[Crawled caption data]
-- Opening Marker --

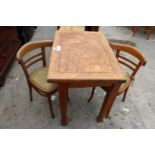 AN OAK FOLD OVER WORK TABLE AND A PAIR OF BENTWOOD CHAIRS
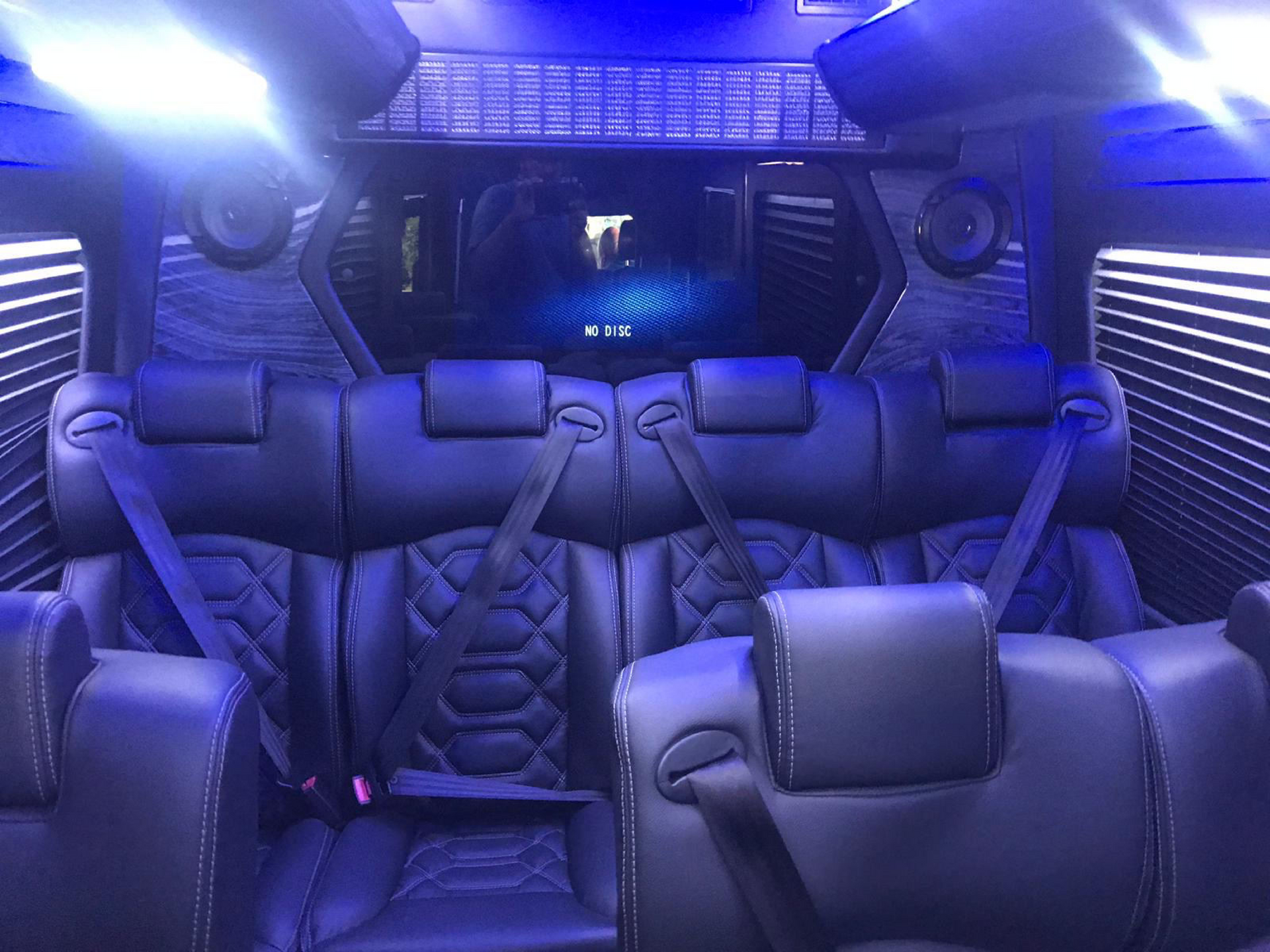 White Ford Transit van parked outside a store on a sunny day. A black pickup truck is in the background.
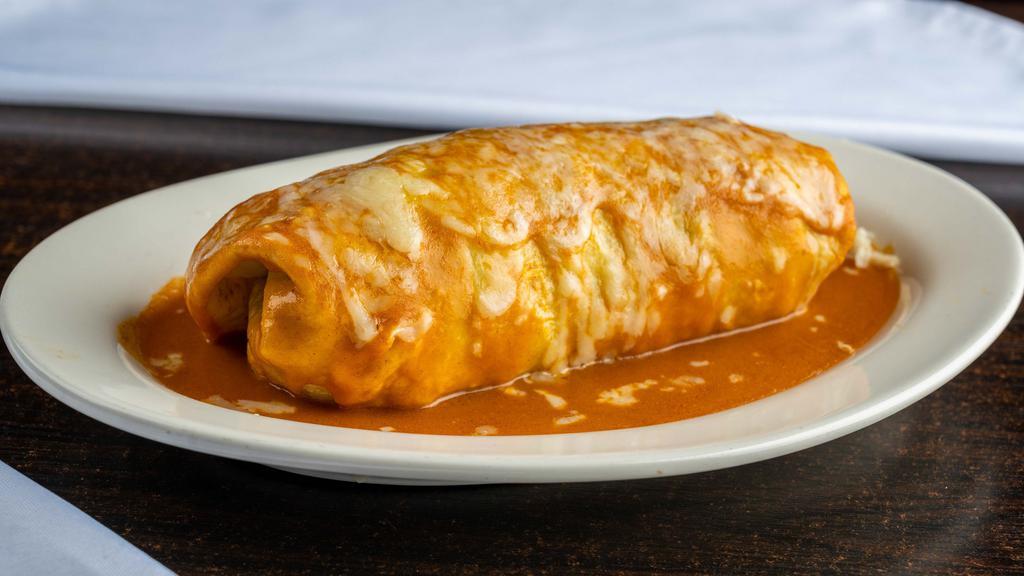Enchirito Burrito · Your choice of meat; includes rice, beans, cheese, sour cream and salsa( pico de gallo) on a flour tortilla. Topped with our signature enchilada sauce and melted cheese.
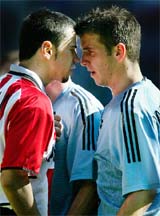 Yugoslav striker Mateja Kezman of PSV Eindhoven argues with Rafael van der Vaart of Ajax 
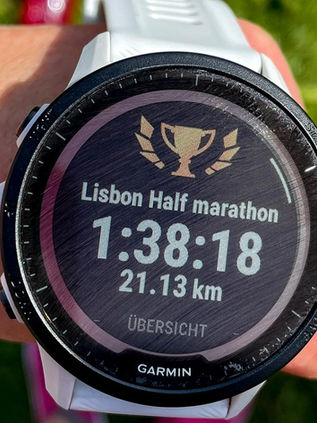 Eine Läuferin trägt eine Smartwatch, auf deren Bildschirm „Halbmarathon von Lissabon“ angezeigt wird.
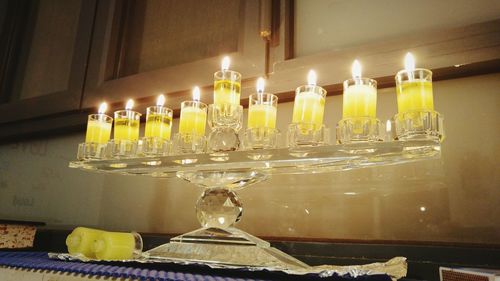 Lit candles on table at home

-- Closing Marker --

Copy the entries above exactly, but only the stretch from the line containing "Enchirito Burrito ·" through the line containing "Yugoslav striker Mateja". Keep both end lines; drop the pictures.

- _Answer to this problem_
Enchirito Burrito · Your choice of meat; includes rice, beans, cheese, sour cream and salsa( pico de gallo) on a flour tortilla. Topped with our signature enchilada sauce and melted cheese.
 Yugoslav striker Mateja Kezman of PSV Eindhoven argues with Rafael van der Vaart of Ajax 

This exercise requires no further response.